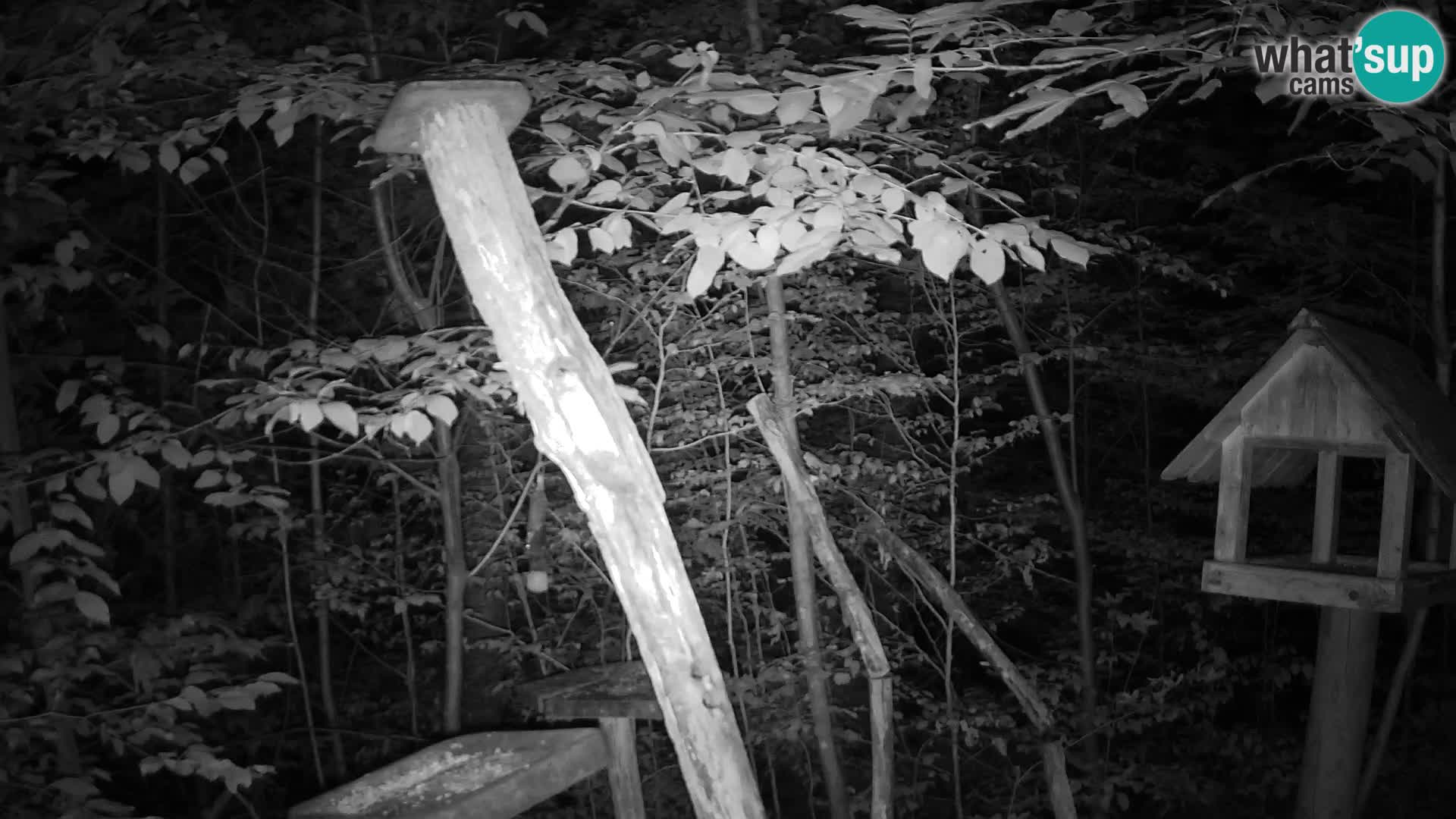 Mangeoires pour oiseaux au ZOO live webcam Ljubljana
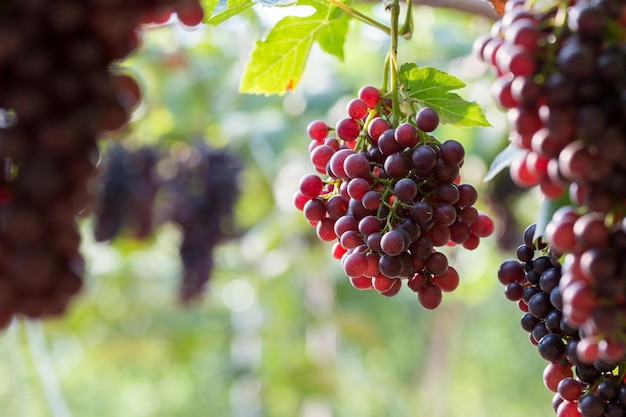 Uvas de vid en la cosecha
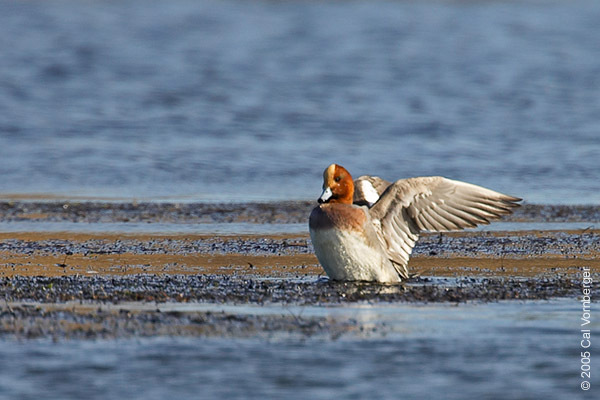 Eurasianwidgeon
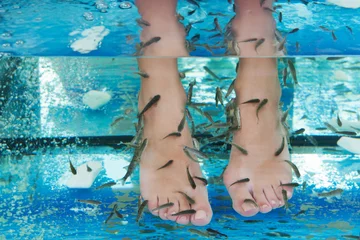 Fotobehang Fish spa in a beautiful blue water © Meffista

=-=-=-=-=

→ **Your task**: Please copy out the whole listing exactly as it stands, minus the pictures.

→ **Solution for this problem**:
 Mangeoires pour oiseaux au ZOO live webcam Ljubljana
 Uvas de vid en la cosecha
 Eurasianwidgeon
 Fotobehang Fish spa in a beautiful blue water © Meffista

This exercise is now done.